No significant differences were found among the four groups in terms of CE. There was no significant difference between group-IV and group-I with respect to the early peak diastolic velocity (Ea) of medial mitral annulus (11.65±0.66 vs. 9.72±1.58, p>0.05), whereas a statistically significant difference was found between group-IV and group-II (11.65±0.66 vs. 9.06±1.07, p<0.001) and between group-IV and group-III (11.65±0.66 vs. 9.74±1.09, p<0.05).

CONCLUSION

Diastolic myocardial dysfunction in prediabetic patients may be identified by quantitative TDE before the appearance of CE indices of myocardial dysfunction.

摘要

背景与目的

本研究旨在通过组织多普勒超声心动图(TDE)评估空腹血糖受损(IFG)患者的左心室收缩和舒张功能,这些患者经传统超声心动图(CE)检查无心脏病证据。

对象与方法

我们纳入了 60 名患者(30 名女性,30 名男性)和 20 名健康对照者(10 名男性,10 名女性)。

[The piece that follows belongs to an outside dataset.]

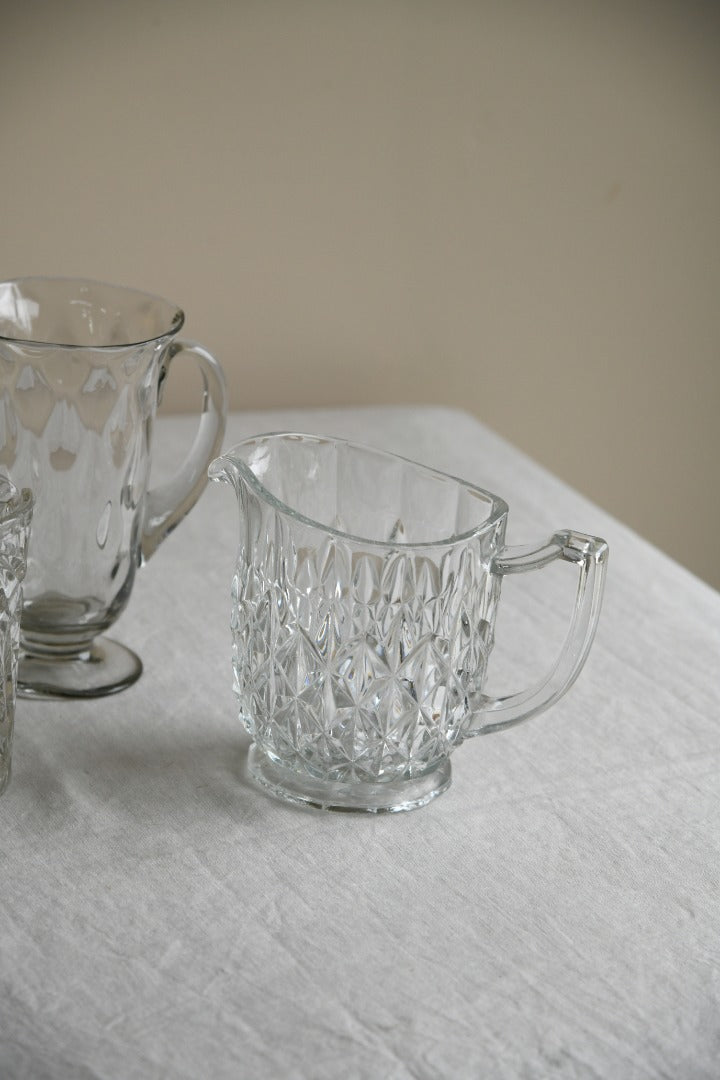 3 Vintage Clear Glass Jugs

所有参与者根据口服葡萄糖耐量试验随机分为四组。组 1 包括仅存在空腹血糖受损(IFG)的患者;组 2 包括仅存在糖耐量受损(IGT)的患者;组 3 包括同时存在 IFG 和 IGT 的患者,即所谓的合并性糖耐量受损;组 4 包括健康对照者。所有患者均接受 CE 和 TDE 检查。

结果

在 CE 方面,四组之间无显著差异。与组 4 相比,组 1 的内侧二尖瓣环舒张早期峰值速度(Ea)无显著差异(11.65±0.66 vs. 9.72±1.58,p>0.05),但组 4 与组 2(11.65±0.66 vs. 9.06±1.07,p<0.001)和组 4 与组 3(11.65±0.66 vs. 9.74±1.09,p<0.05)之间存在显著差异。

结论

在出现 CE 心肌功能障碍指标之前,定量 TDE 可识别出糖尿病前期患者的舒张性心肌功能障碍。